Thursday, September 5, 2013

Living The Big Sky Life: Infamous Files

It takes all sorts to make a world, yet the smaller the world, the smaller the margin for those deemed to be out of sorts. At least that’s how it seemed to me. But it’s not as if what happened around me in small town Whitefish was really any different than what was happening anywhere else in the world. It was simply more encapsulated, more magnified.

Whatever our sort may be, the world’s machine continues to turn with little heart or without letting a little thing like inequity get in the way. Life goes on and the business of living right along with it. And so it was with my work-a-day-world and the demanding flow of escrow files that continued to ceaselessly cross my desk during my big sky incarceration.

A snapshot of that incarceration would’ve likely shown me onerously confined to my Whitefish title office with a burdensome ball and chain, but I had one seller client who knew what real life incarceration looked like from the inside - and I’m talking the big sky big house here. You know, the state penitentiary located just outside of Deer Lodge.

This particular escrow file involved the sale of a large tract house in an established neighborhood south of Whitefish off of Highway 2/LaSalle Road. The transaction started out normal enough, meaning the real estate agent brought me a signed sales contract with no extraordinary conditions, and Joan set up the file by ordering the prelim with our Flathead County Title branch.

The next day I received a phone call from Clyde, the title officer who’d been assigned to prepare the title work I needed to close the transaction. In that deep baritone voice dripping with the dry wit and sarcasm he was known for, Clyde drolly began our phone conversation with, “I’m calling you about your Pedo-File.”

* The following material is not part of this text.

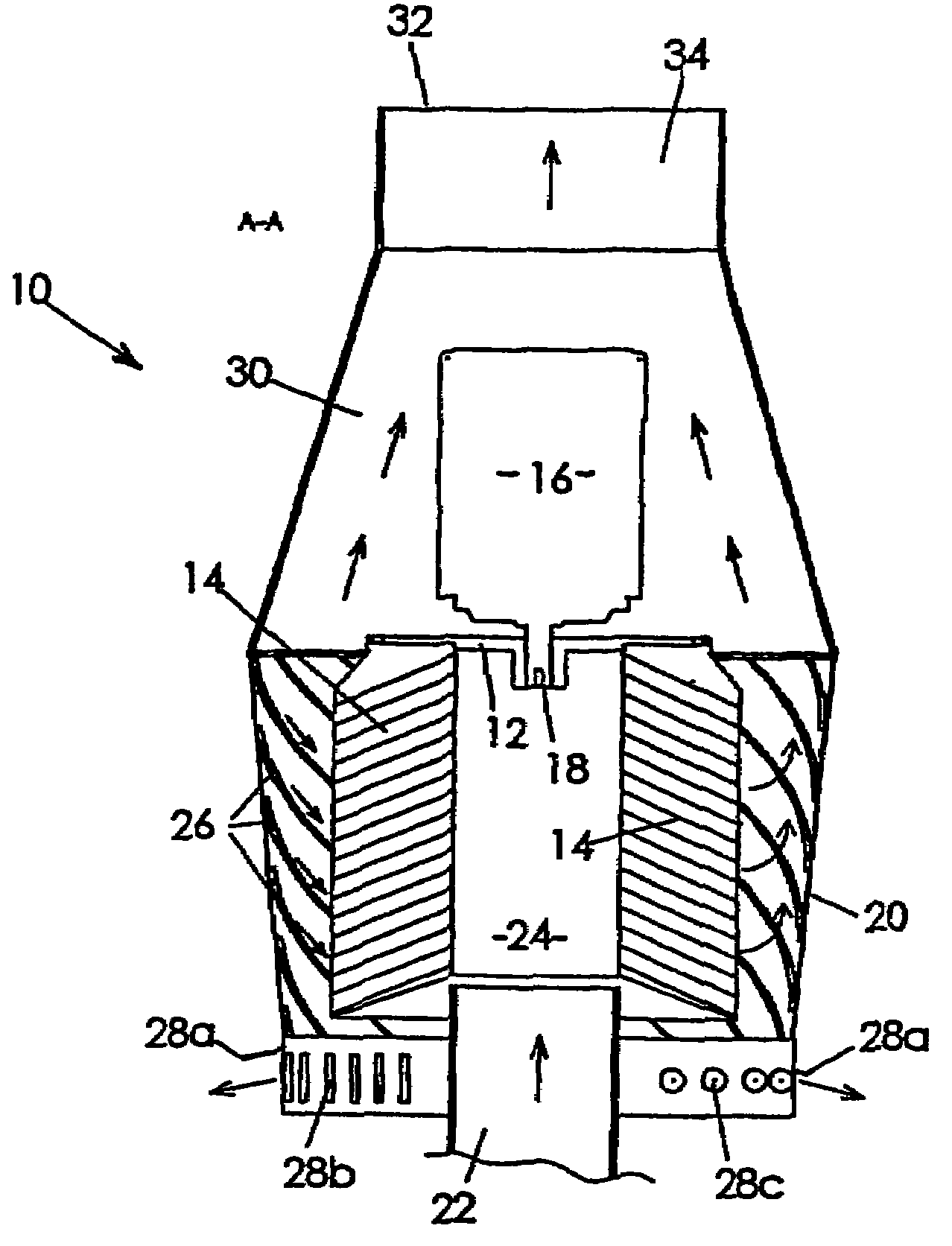 Centrifugal separator for cleaning gases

Pedo-File? What Pedo-File? Apparently this particular seller was no longer living in the house he was trying to sell, but was confined to a cell in the big house down in Deer Lodge. He’d been convicted of sexually abusing his young stepdaughter and needed to pay his legal fees with the proceeds from the sale of the house I was tasked with closing. I thought it strange that the contract made no mention of the seller’s unusual residence, let alone offer up instruction on how I was supposed to arrange for the seller’s proper execution of the closing package, which ultimately proved to be a little challenging.

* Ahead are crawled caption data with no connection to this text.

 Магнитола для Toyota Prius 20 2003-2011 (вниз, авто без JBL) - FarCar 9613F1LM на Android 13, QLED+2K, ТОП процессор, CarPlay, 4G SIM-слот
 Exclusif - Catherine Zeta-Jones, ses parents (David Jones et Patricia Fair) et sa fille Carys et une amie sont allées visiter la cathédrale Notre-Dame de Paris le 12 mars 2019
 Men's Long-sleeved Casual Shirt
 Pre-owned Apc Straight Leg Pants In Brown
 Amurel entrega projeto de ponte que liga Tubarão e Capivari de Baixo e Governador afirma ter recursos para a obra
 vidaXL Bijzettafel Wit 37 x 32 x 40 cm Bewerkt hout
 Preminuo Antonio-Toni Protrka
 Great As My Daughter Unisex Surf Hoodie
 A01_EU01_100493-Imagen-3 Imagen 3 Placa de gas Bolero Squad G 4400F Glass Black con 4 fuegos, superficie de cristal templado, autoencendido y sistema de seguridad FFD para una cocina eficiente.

Suffice it to say, the Pedo-File closed without incident or fanfare. Clyde’s title report came with a full copy of the court’s summary and conviction which provided me with far more information than I ever cared to know about the convicted felon who was now my seller. Every subsequent conversation I had with Clyde regarding this transaction heard us only refer to the escrow as the Pedo-File, never by name – which frankly I couldn’t remember today even under torture.

And then there was the 3-way property exchange instigated by a con-artist that had to be closed before 31 December 1994. The year-end deadline wasn’t highly unusual for this business when considering fiscal year end income tax issues, but the fact that the contract wasn’t delivered to me by the real estate agent, Ron Laurent, until Christmas Eve was a major issue. And it was the sloppiest and most poorly drawn up contract I had ever seen, hands down. How was I supposed to structure this complicated triangle of transactions without proper contract instruction or proper legal clarification/documentation for the commercial and 1031 exchange aspects of the deal that were not mine to handle?

I was told by Ron that no assistance would be forthcoming, just slap it together and make sure it closes on time, he demanded with little sympathy. He clearly had a large personal stake in the deal and it came in the form of a huge commission check, amongst perhaps other things that I didn’t care to know about. He pressured me mercilessly for updates by showing up at my office unannounced and unwanted several times throughout the day.

When most people are peacefully enjoying the holiday season between Christmas and New Years, I was having a full-on melt down and popping migraine medication like candy just so I could function well enough to close these deals under deadline as instructed.

Although it was not my responsibility to determine whether or not these transactions were in the best interests of the parties involved, it was incumbent upon me to make sure I didn’t complacently participate in something that was illegal. And while there appeared to be nothing illegal on the surface, I knew something wasn’t right. Everything about the contract felt suspicious to me, especially when considering that one of the parties to the contract was Kalispell attorney, John Lence. Like I said, the contract was the sloppiest and most poorly drawn up contract I had ever seen, and this so-called professional signed it that way?

I learned not long after leaving my big sky life behind that John Lence, Michael Allen (a Columbia Falls dentist,) and John Petersen (investment advisor and con-man extraordinaire) – all parties to this convoluted nightmare of a contract, were the trio that ultimately brought down Werner “Buster” Schreiber (aka Mr. B.S.) and his Mountain Bank.

A State of Confinement?
Fraud, embezzlement, conspiracy … it’s the stuff of crime novels, yet there it was, sinisterly simmering beneath the secretive smiles of the small town movers and shakers. As for the tried and convicted trio, they too got to do time in the big sky big house right alongside the Pedo-File.